S'appeler Alain Finkielkraut «et être accueilli parmi vous au son du tambour, c'est à n'y pas croire»: le philosophe, descendant de juifs polonais victimes de la Shoah, «défenseur exalté de l'identité nationale», a été reçu jeudi à l'Académie française.

L'arrivée sous la coupole de ce brillant intellectuel de 66 ans, taxé de «néo-réac» et inlassable pourfendeur du politiquement correct, avait suscité des grincements de dents. Alain Finkielkraut avait été élu en 2014 au premier tour par 16 voix sur 28, mais son nom avait été barré d'une croix, en signe de désaveu, sur huit bulletins.

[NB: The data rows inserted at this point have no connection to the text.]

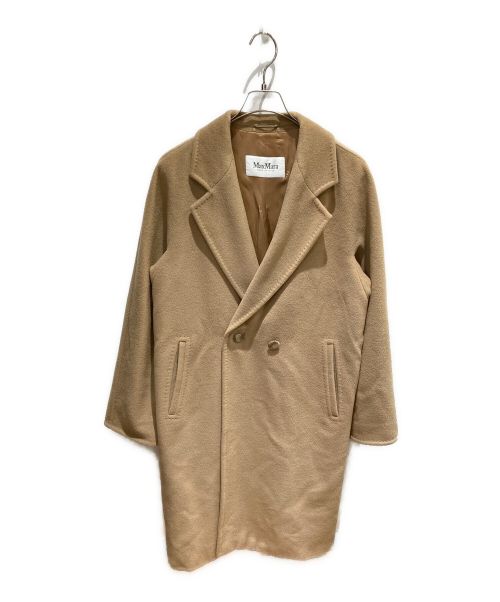 MaxMara（マックスマーラ）MaxMara (マックスマーラ) カシミヤ混コート ベージュ サイズ:42の古着・服飾アイテム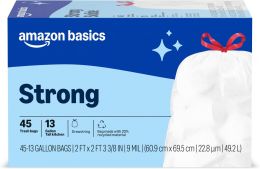 Visit the Store Trash Bags Pack of 1, 45 Count, 13 Gallon, Bundle of 2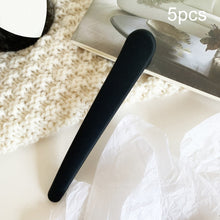 Load image into Gallery viewer, 5pcs 7.8cm Duckbill Clip Straight Bangs Clip Simple Personalized Side Clip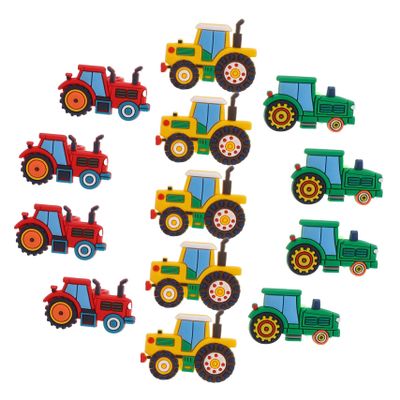ORFOFE 18pcs Farm Truck Cute Plastic Construction Vehicle Jewelry for Boys and Girls for Harvest Season Parties Classroom Rewards and Carnival Prizes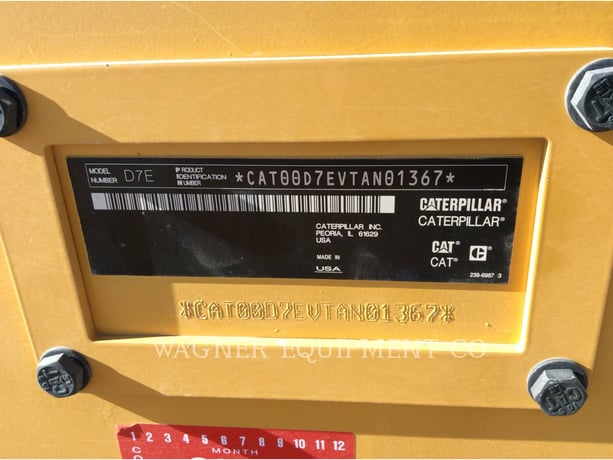 Caterpillar D7E, Crawler Dozer, 2984 hours, S/N: TAN01367, 2014 - Image 5
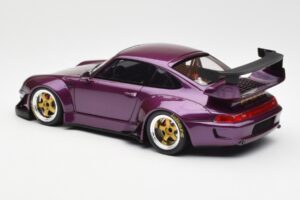 Porsche 911 993 RWB Violet GT Spirit 1:18 GT727 Rășină - imaginea 5 din 6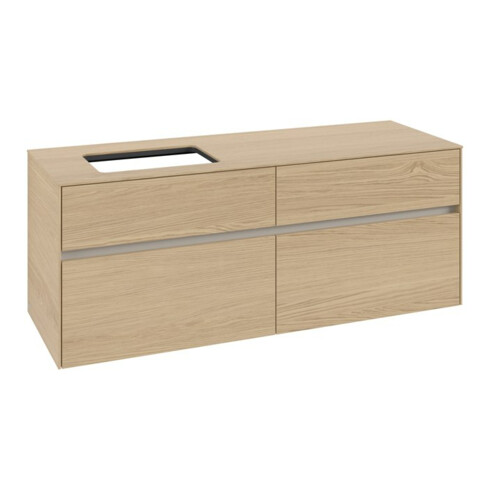 V&B Waschtischunterschrank Collaro 140x54,8x50cm, WT links, nordic oak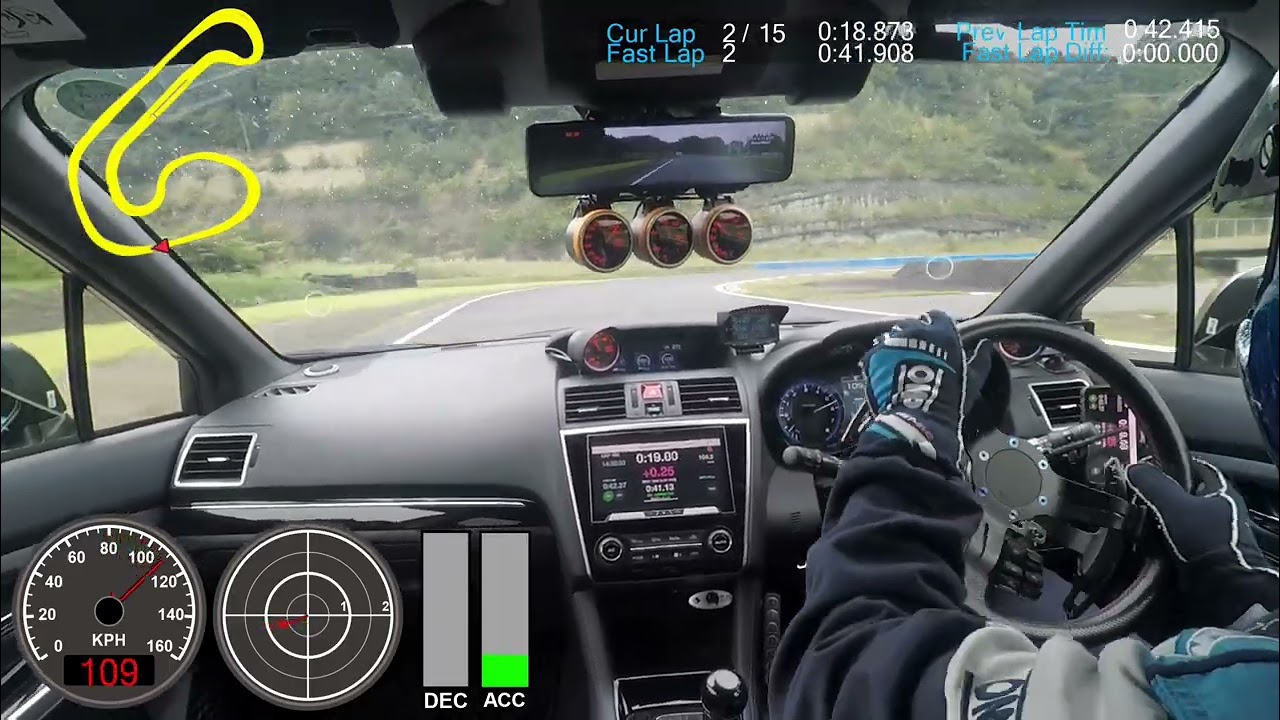 20241004 レヴォーグ(VMG) 日光サーキット Best 41.957sec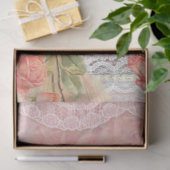  Victoriaans dame en Birdcage. Tissuepapier (Geschenk)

Se définissant volontiers comme un «héritier des Lumières», l'essayiste, habitué des plateaux de télévision, a dit penser à ses parents qui «ne sont pas là pour connaître ce bonheur».

Ils «auraient été désolés de me voir m'assimiler à la nation en lui sacrifiant mon identité juive même si cette identité ne se traduisait plus, pour eux ni donc pour moi, par les gestes rituels de la tradition», a poursuivi l'auteur du Juif imaginaire, rappelant que «c'est de France et avec la complicité de l'État français que (son) père a été déporté» à Auschwitz.

Dans sa jeunesse, «le fait d'être français ne représentait rien de spécial à mes yeux», a-t-il dit. «J'ai découvert que j'aimais la France le jour où j'ai pris conscience qu'elle aussi était mortelle». Un amour que «j'ai essayé d'exprimer dans plusieurs de mes livres et dans des interventions récentes». «Cela me vaut d'être traité de passéiste, de réactionnaire, voire pire», a-t-il lancé.

Issu de la gauche, Alain Finkielkraut s'est dit «trahi et même menacé par les justiciers présomptueux qui peuplent la scène intellectuelle». Selon lui, «on met au pinacle le nom de Primo Levi, mais c'est Quentin Tarantino qui mène le jeu, c'est sur le modèle d'Inglorious Basterds que tout un chacun se fait son film».

«La Compagnie vous a ouvert les bras, vous allez connaître avec elle ce que c'est qu'une identité heureuse», a déclaré l'historien Pierre Nora dans son discours d'accueil, allusion au livre à succès d'Alain Finkielkraut L'identité malheureuse.